Dmitry Petrov Back

Part 4: Merge

All posts from the series can be found here

With a database of raw posts at my hands, I started thinking about ways to implement the merge. First and foremost I had to identify which posts actually had to be merged. This is trivial with missing posts, but for existing ones I had to have something to compare them to, and since I had raw posts from the server with the server timestamp I had to get server timestamp for all existing posts and update it for any posts that I wanted to change.

If you remember I already had ignore-all command to bump local modification timestamp of all posts and I ended up doing the same for the remote timestamp. The easiest way to get it was to take it from the syncitems call and to crossect them with all existing posts. As a first step, I ensured that every fetched post received corresponding syncitems update timestamp and after that I only had to add this timestamp to all the posts in the database.
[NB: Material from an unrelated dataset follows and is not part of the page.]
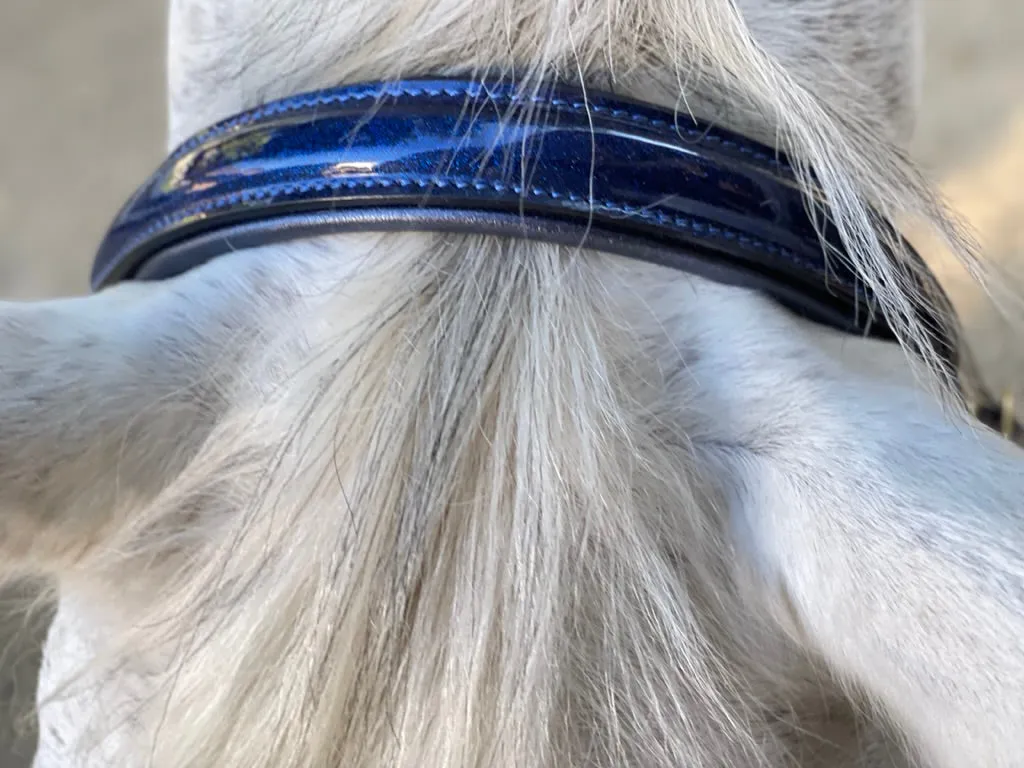 The Revolution Cobalt Blue Leather Halter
And this is where my obsession with loop macro began.

(defun mark-as-pulled ()
  (let ((ht (-<> *posts*
                 (fetch-posts)
                 (restore-source-posts)
                 (to-hash-table))))
    (loop for post in (posts *posts*) do
      (let ((ts (gethash (itemid post) ht)))
        (if (null ts)
            (format t "Item ~a was not fetched yet, run cl-journal fetch first~%" (itemid post))
            (setf (server-changed-at post) ts))))
    (save-posts)))

You see there old friends - -<> macro and to-hash-table function which became independent implementation there with an option to chose what value to use as a key for a hash table. Once that was done update became as trivial as setting slot values for any posts that were found in the hash table.

That is one direction, but as I said there was another one - I had to get a server timestamp for any post update or creation I did. The post data being returned contained some timestamps but none of the public ones contained a timestamp of last post update. I started looking elsewhere and found that getevents call also returned server timestamp. Super handy! I did a quick function to get a timestamp based on the call only to find out later that timestamp did not always match the one from the syncitems.
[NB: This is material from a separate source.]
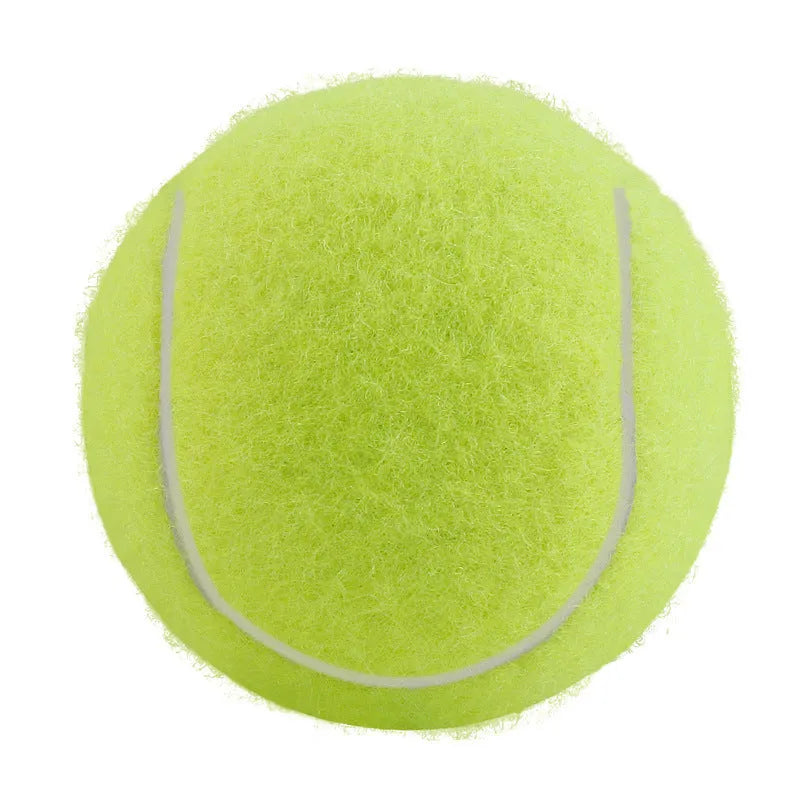 Bite-resistant rubber dog tennis ball in 6.3cm size showing multiple colour options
What the hell? Timezones. Livejournal api is quite naive in terms of dates in a sense that all the timestamps it returns are in format YYYY-MM-DD HH:MM:SS and one can only assume that they all relate to the same timezone and getevents call was one particular example where this invariant didn’t hold, or to say it more precisely, not always. It seems like this api call is served by the two servers in two different dcs with their local timezone set. syncitems seemed to work with UTC timezone and I started looking around in search of something that can work. First solution I came up with was rather horrible: we just need to keep calling getevents till we get two different timestamps and from that point we can take a lower one and save it along the post.

(defun lj-get-server-ts ()
  ;; scary hack to get server ts in a single timezone
  (labels ((r () (getf (lj-getevents '(1000000)) :lastsync))) ;; something big enough to have empty lookup
    (loop with a = (r)
          do
             (let ((b (r)))
               (format t "~a~%" b)
               (when (older-p a b 10) (return a))
               (when (older-p b a 10) (return b))))))
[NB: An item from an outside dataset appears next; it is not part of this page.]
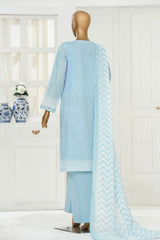 Printkari By HZ Stitched 3 Piece Chikankari Vol-06 Collection'2025-PTR-3P-831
You see? It’s loop again. What happens is that we keep calling the api and keeping the result of the previous call. Once we see the difference we return the earliest. Loop works wonderfully there: it allows to set a local binding a and then execute loop body and return from it with return.

older-p is also interesting. I didn’t find a simple way to compare YYYY-MM-DD HH:MM:SS timestamps, however, local-time library provided a way to compare it’s time object instances. And this helper function exploits this fact:

(defun older-p (ts1 ts2 threshold)
  (labels ((parse (ts)
             (let
                 ((local-time::*default-timezone* local-time::+utc-zone+))
               (parse-timestring ts :date-time-separator #\Space))))
    (timestamp>
         (timestamp- (parse ts2) threshold :sec)
         (parse ts1))))

Setting timezone doesn’t have any special meaning there, it’s just some stable value that allows us to compare timestamps. The threshold is there to filter out small inconsistencies between time stamps.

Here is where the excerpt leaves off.